La fragilidad de las torres gemelas
Recuerdo la sangre en mis nudillos el día que me dijiste que ibas.
Volviste dos años después, de Nueva York,
con varios libros bajo el brazo, en los que,
según decías, se escondía el sentido de la vida.
Estaban fuera de mi alcance, lo dejaste claro:
tú ya sólo leías en inglés, salvo pocas excepciones.
Yo me quedé con mi idioma de segunda y mis palabras absurdas,
incapaz incluso de entender la forma en la que vestías ahora.
Y, aunque a todas luces estuvieras fuera de mi alcance,
te empeñabas en seguir gastando conmigo tus horas muertas.

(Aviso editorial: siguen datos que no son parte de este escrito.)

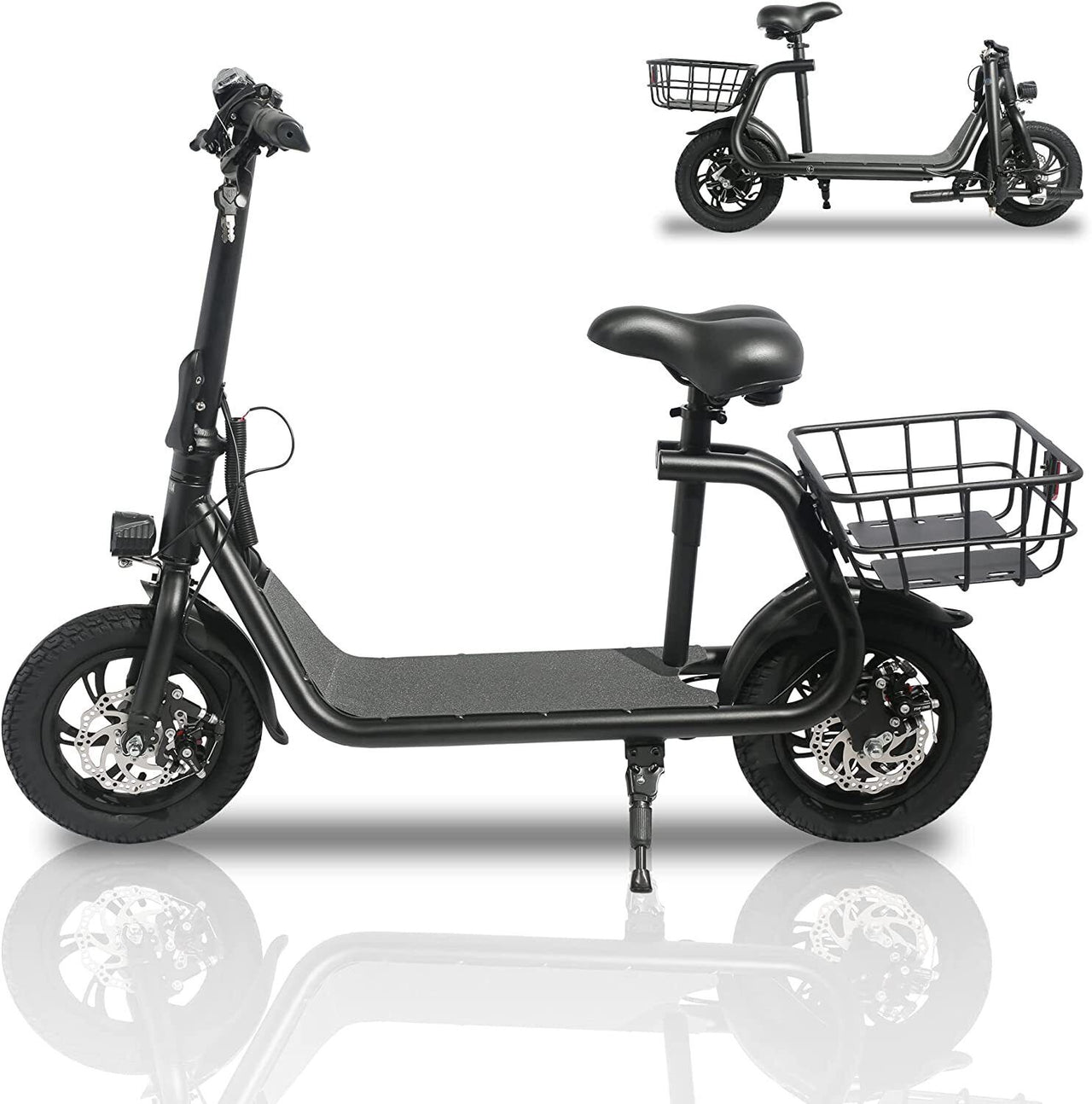 SEHOMY Electric Scooter Adults with Seat , Portable Scooters for Adults 15.5MPH Lightweight, Foldable 450W Motor Battery E-Scooter Basket, 265lbs Max Load Electronic Scooter 2 Wheel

Supuse que porque yo era lo bastante inofensivo,
suficientemente tonto para hacerte caso
y claramente tendente al sufrimiento.
Como lo eras tú al aburrimiento mortal.
Te hubiese pedido un millón de veces que no volvieras a hablarme,
que me contaras todos tus secretos y me obligaras a confesarte los míos,
que me mintieras y me dijeras que querías estar siempre conmigo
que me dijeras la verdad que nunca sería suficiente para ti.
Y así pasó el tiempo, con tus grandes historias y mis pequeñas miserias.
Contándome todas aquellas cosas que me hubiera gustado vivir
y que estaban fuera de mi alcance.
Que, en realidad, sólo eran cuentos,
los mismos que contamos a los críos para que se duerman
historias con héroes y villanos, ambos con gafas de pasta,
con aquellas colecciones de discos que envidiábamos poseer
porque vivimos una época en la que las canciones no tenían valor por sí mismas.
Creo que te fuiste a Bruselas, con tus dos carreras
que, sorprendentemente tuvieron alguna utilidad.
Hiciste un máster, algún estudio de posgrado
y todos tus compañeros revoloteaban a tu alrededor.
Muchos de ellos se ocostaron contigo, yo me fui olvidando.
Mientras recordaba aquella noche en la que decidiste sentirte frágil,
Dejar de lado los reproches y sólo abrazarnos.
La misma noche en que decidimos que nunca volveríamos a vernos.